This year marks the 125th anniversary of the second Morrill Act which addressed racial inequality in land grant colleges of agriculture in southern states of the U.S. This guide showcases partnerships between the UF and two HBCUs: FAMU and UVI.

African American Extension Agents and their work in Florida

Brief history of Florida's Extension Services

The Smith-Lever Act of 1914 established the national Cooperative Extension Services operated through the land grant universities. This act required land grants to educate rural agricultural communities regarding advances in agricultural practices on the local, state, and federal levels. Unequal distribution of federal funds and segregation in southern states contributed to the creation of separate land grants and cooperative extension services. In Florida, two cooperative extension services were created. The first located at the University of Florida and the second located at Florida Agricultural and Mechanical University (FAMU), in Tallahassee.

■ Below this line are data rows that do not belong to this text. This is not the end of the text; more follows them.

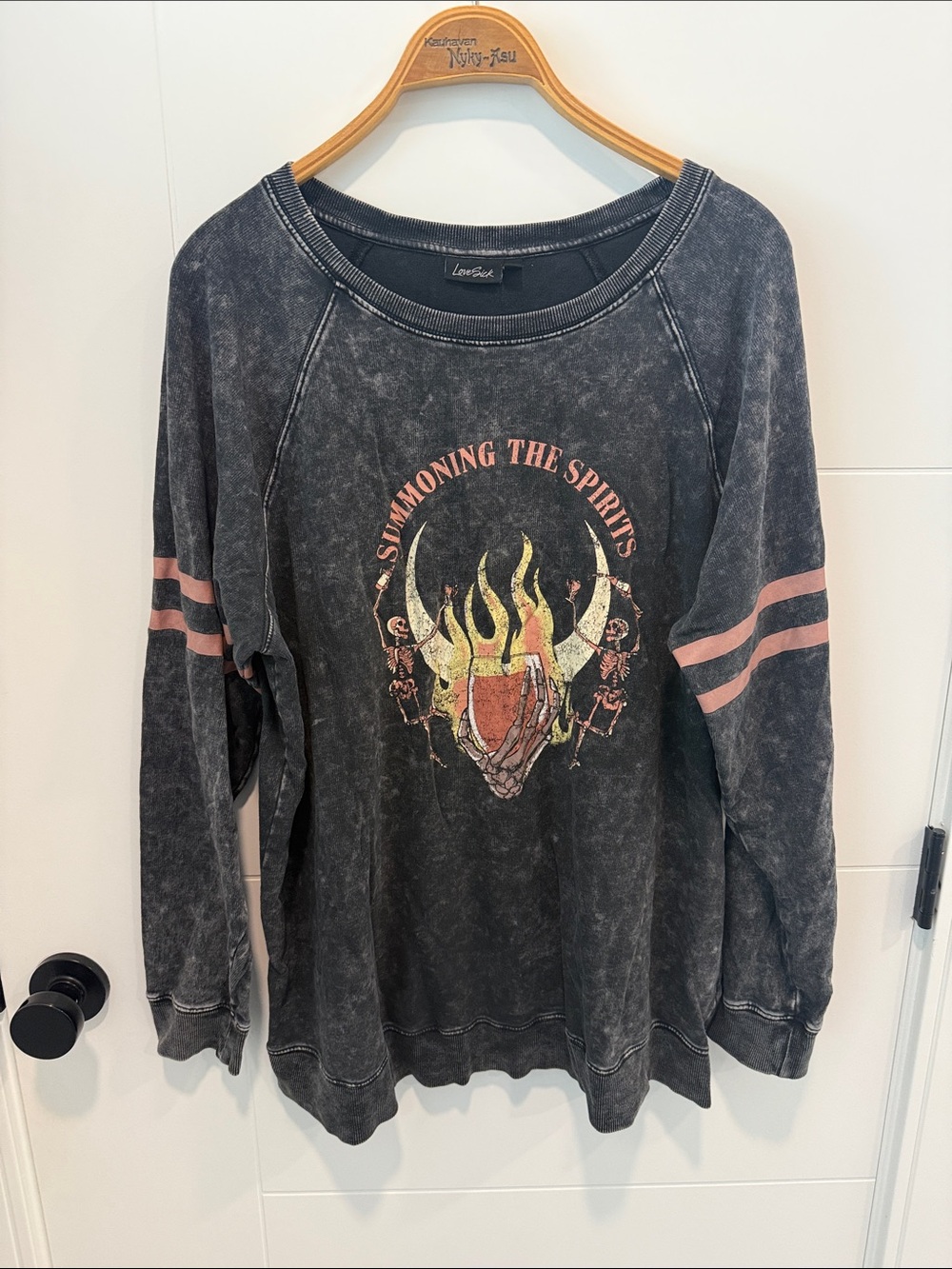 Love sick Summoning The Spirits Graphic Sweatshirt with Pink Accents size 1X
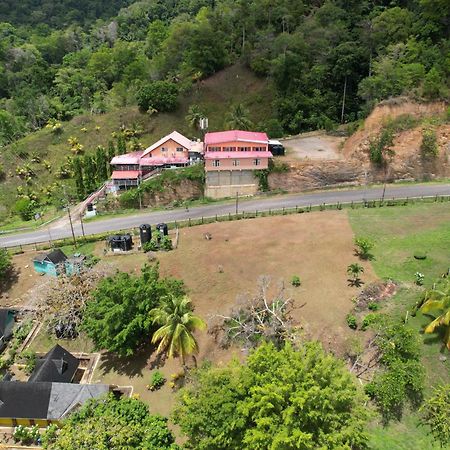 Las Cuevas Beach Lodge Exteriör bild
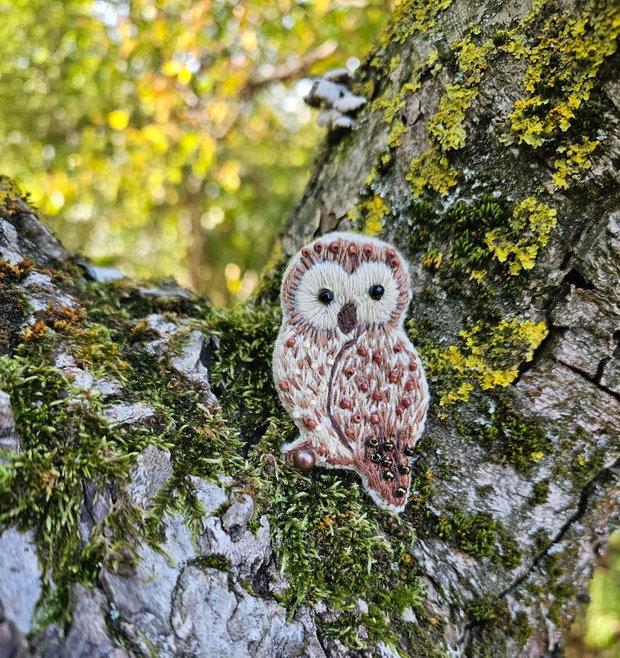 Broșă bufniță broderie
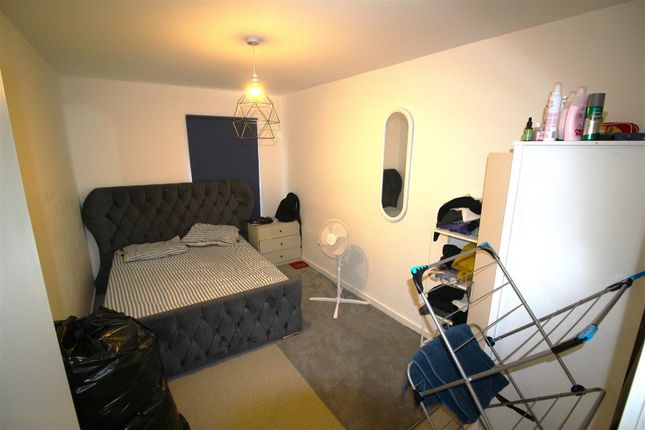 Flat 15, Winifred Court, Prince George Street, Havant photo 5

The second Morrill Act of 1890 established FAMU as a land grant and it is one of the earliest Historically Black Colleges and Universities to serve the African American community. Today the Cooperative Extension Services at the two institutions collaborate to meet the agricultural needs of Florida’s diverse farming communities.  In addition to addressing agricultural topics there are extension programs in family, youth and community sciences (e.g. 4H, food science) and natural resource management.

Use these links to learn more about FAMU's Cooperative Extension Program and UF Institute of Food and Agricultural Sciences' Cooperative Extension Service

See the IFAS Blog Project VI: Florida Extension in the Era of Segregation for a more in-depth review of Florida’s Extension history.  


 

UF and FAMU partnerships today

The Florida Cooperative Extension Services encompasses the combined efforts of the University of Florida and Florida Agricultural and Mechanical University Extension programs. These two institutions collaborate today to meet the needs of Florida’s agricultural communities. An example of this partnership is the Florida Small Farms & Alternative Enterprises Conference.

Starting this year, the Small Farms & Alternative Enterprises Conference will meet regionally. There are two conferences scheduled, one in Northeast Florida, August 14 & 15 at the University of North Florida Student Union, Jacksonville and one in Central Florida, November 6, 2015 at the Mid-Florida Research and Education Center, Apopka.